It's either because I have become more crotchety as I get older and view things with a more jaundiced eye, or because the world is becoming crazier, but I think this story helps illustrate that often charity just doesn't seem as charitable as it used to be.

The reason may be that many charities seem to have become big business high-pressure outfits. This is one of the things that makes it more difficult to select the organizations to which your office contributions should go.

For example, I had always given a fairly substantial yearly contribution to a national charity, which I will not name in order to protect the guilty. I have come to think in the last couple of years that this has done nothing but place me on their sucker list. They continually bombard and harass me by mail and phone for further contributions. The mail I don't mind too much, but the endless phone calls often come smack in the middle of my after-lunch nap.

Home for wayward cats?

Many folks seem to find it easier to just give $10 or $20 to every solicitation they receive, whether it's to something worthwhile, or to the Home for Wayward Cats. Instead, I've found I can be more effective in my giving by selecting a few charities that I know are worthwhile, giving more generously to them, and refusing the rest.

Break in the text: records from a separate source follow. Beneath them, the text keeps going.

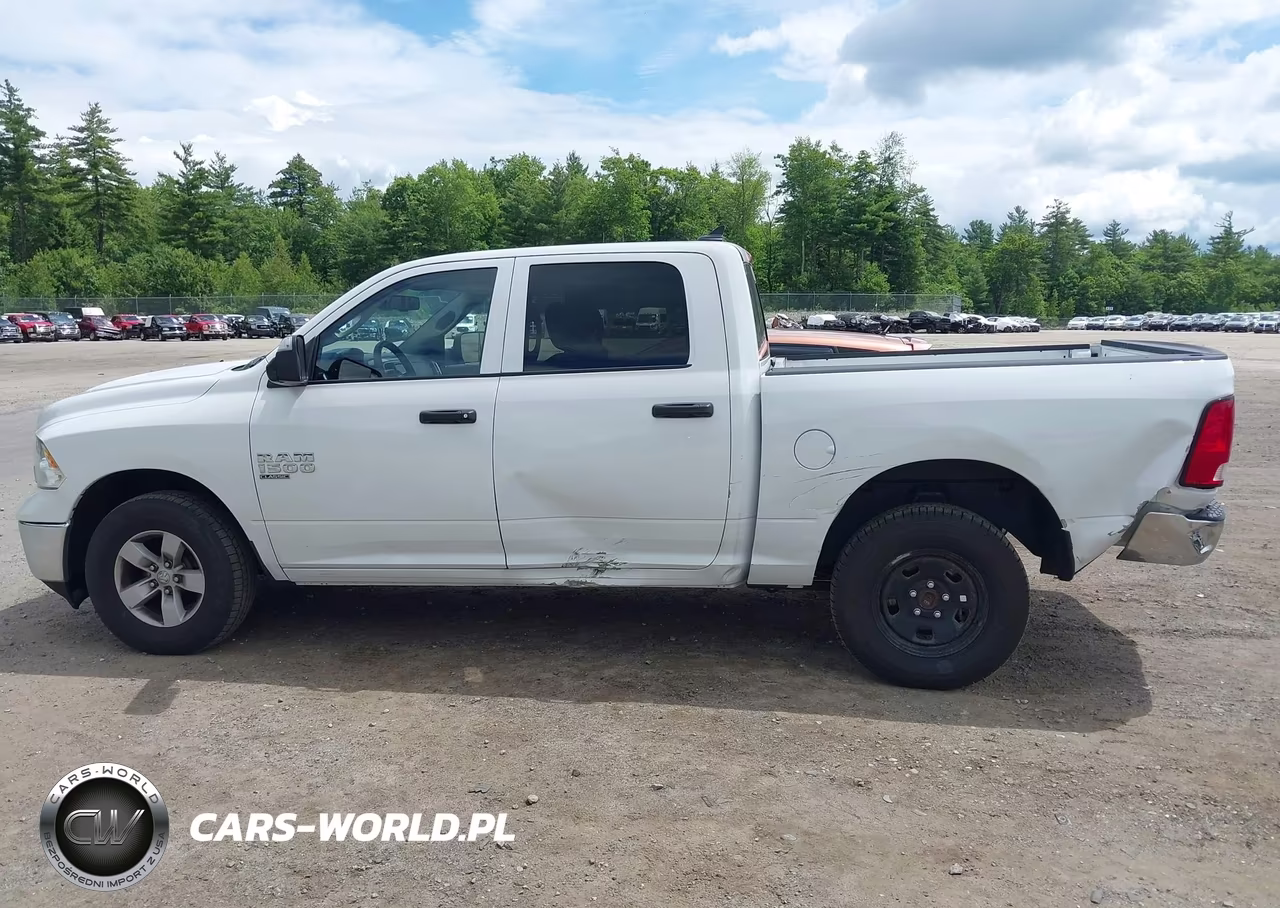 2023 Ram 1500 Classic Slt 4X4 5'7 Box VIN:1C6RR7LG8PS516661 - 15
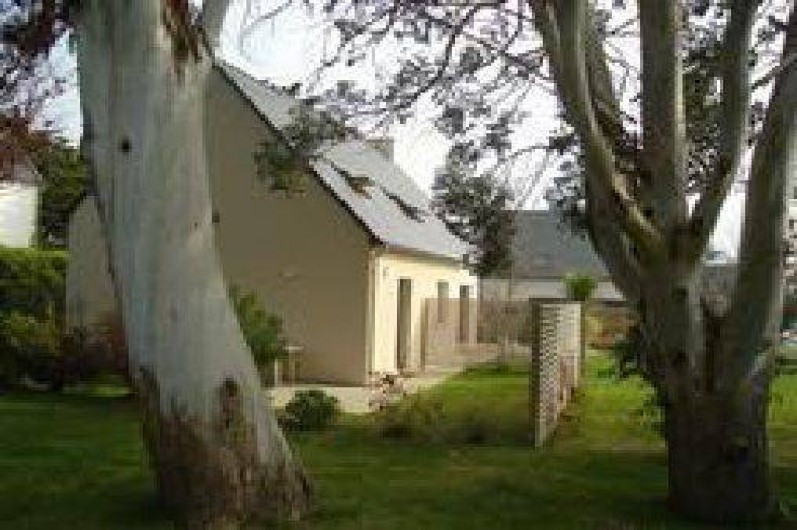 Location de vacances - Appartement à Arzon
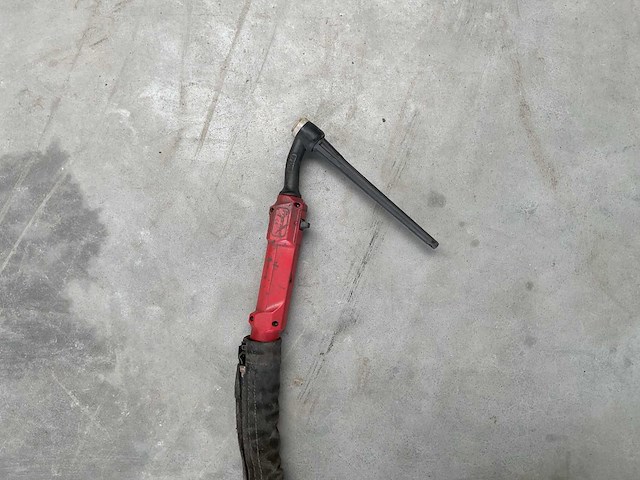 Fronius transtig 2600 g w z lasapparaat - afbeelding 7 van  8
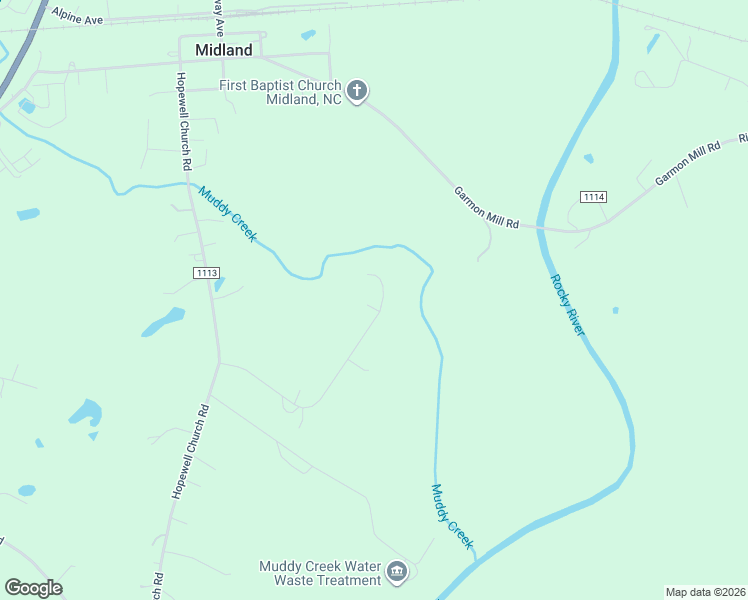 map of restaurants, bars, coffee shops, grocery stores, and more near 4393 White Tail Lane in Midland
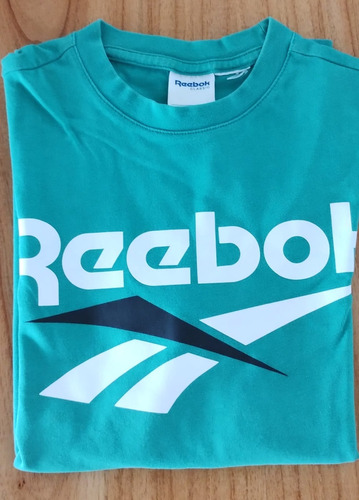 Remera Deportiva Reebok Original. Impecable!!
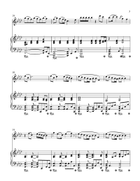 Breathin Clarinet Solo scores gallery preview page 3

I found this was easiest accomplished by making out a charity budget at the beginning of the year, selecting the total amount I thought I should give and where it should go.

"I'm sorry but we've already made out our charity budget for the year," can then be your answer to requests to which you don't want to respond. "If you'll send me information about your organization, we'll be happy to consider you for next year's budget."

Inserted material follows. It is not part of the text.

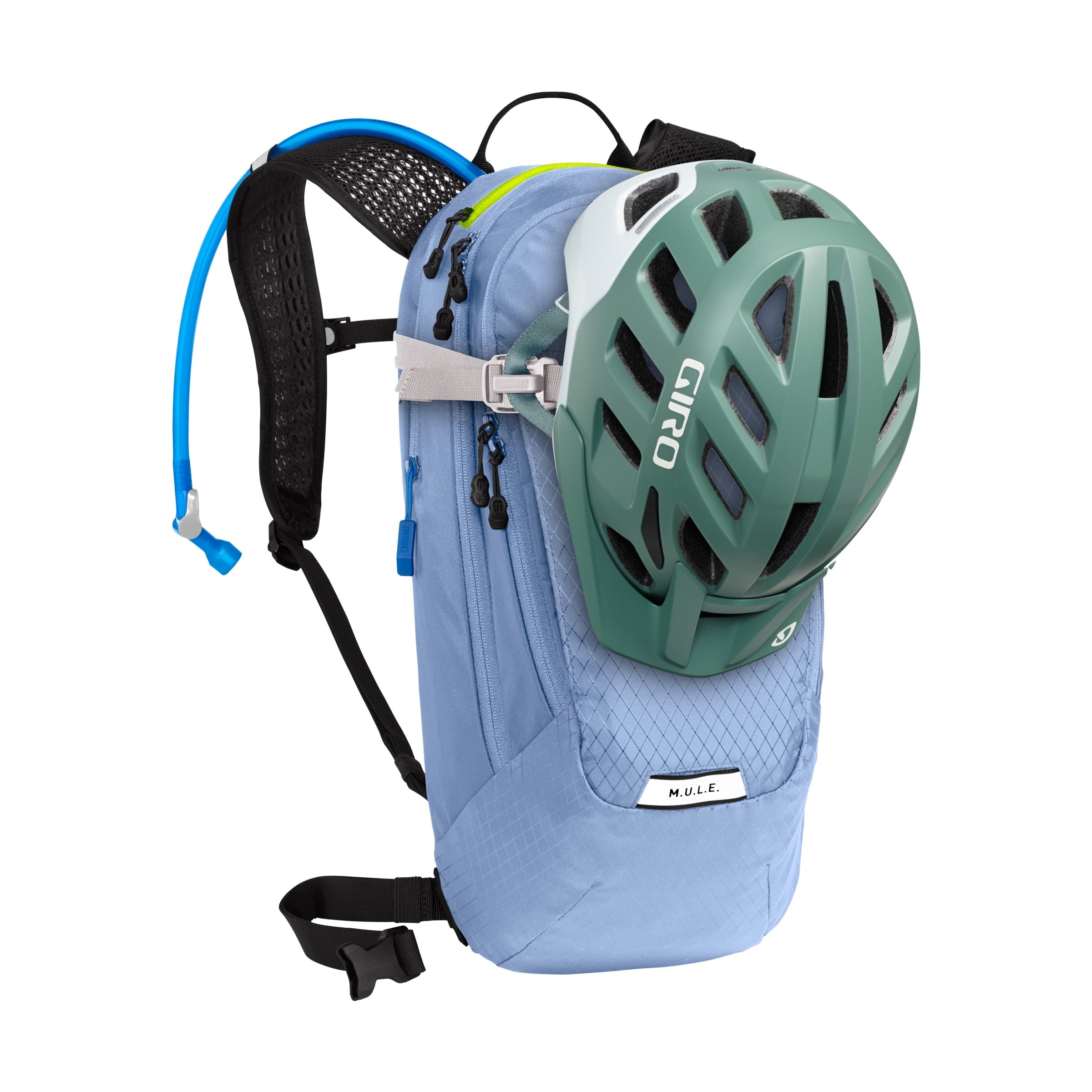 Camelbak Women's M.U.L.E.® 12 100oz Hydration Pack, Serenity Blue Edition-BUXS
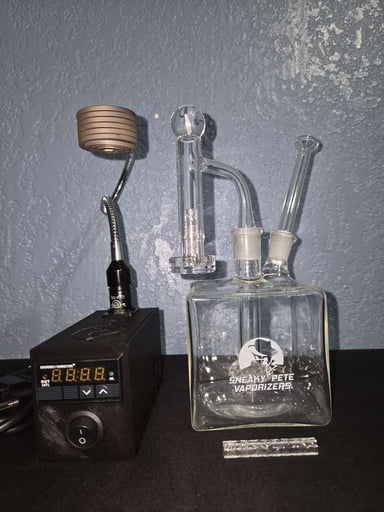 Preview pic of Cobra Coil setup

I'm always afraid that solicitors will think I'm a cheapskate if I turn them down. The yearly budget method makes a good "chicken" excuse for refusing.

How do you know?

With all the sharpies in today's society, you often don't know if the cause for which they're soliciting is legitimate.

"I'm collecting contributions for the Widow Jones," a man appealed to me. "She is ill with no income, has three small children and is going to be evicted from her apartment tomorrow unless she can come up with her rent payment."

"That's awfully nice of you to be concerned about her welfare," I said. "You must be a very good friend of hers."